**Exercise requirements:**
Copy exactly the lines from the start of the material through the line with "Silhouette of fisherman". Pictures stay out of the copy.

**Supplied information:**
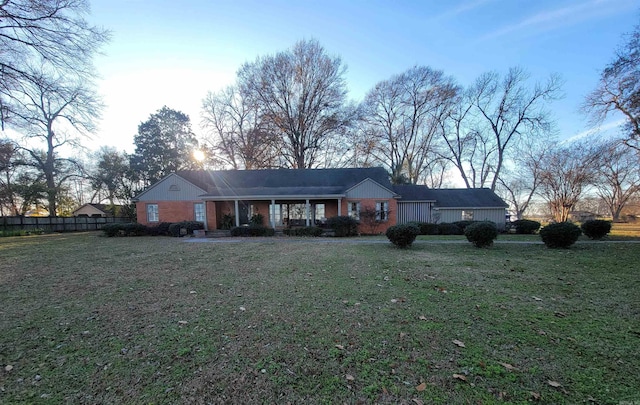 view of front of property with a yard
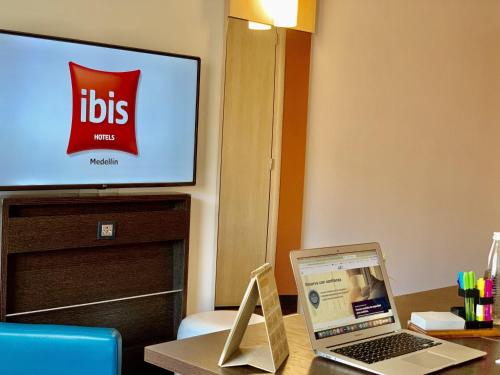 a laptop computer sitting on a desk with a television at ibis Medellin in Medellín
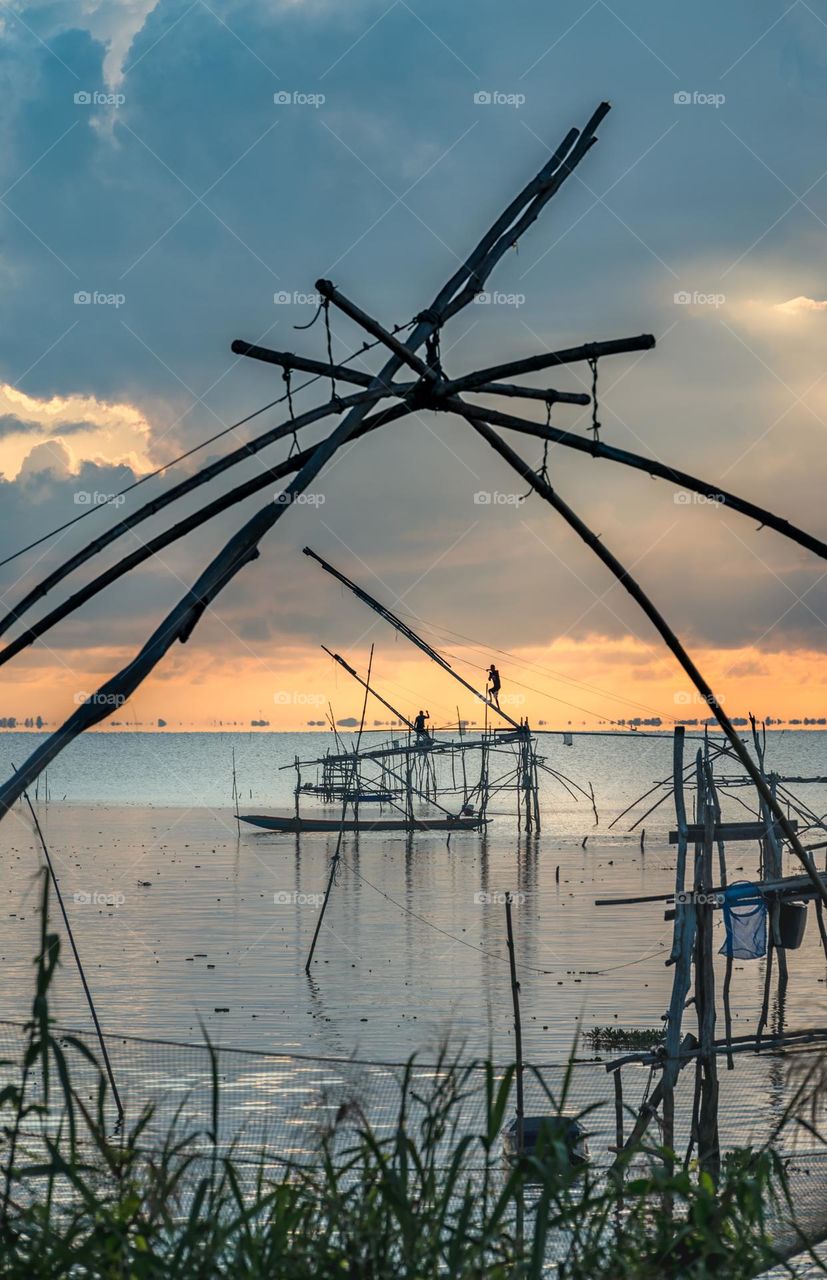 Silhouette of fisherman on their big fish trap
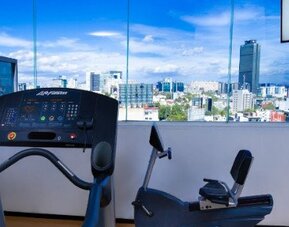 Fitness centre featuring cardio equipment and large windows overlooking the Mexico City skyline. LaiLa Hotel CDMX.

**Written response:**
 view of front of property with a yard
 a laptop computer sitting on a desk with a television at ibis Medellin in Medellín
 Silhouette of fisherman on their big fish trap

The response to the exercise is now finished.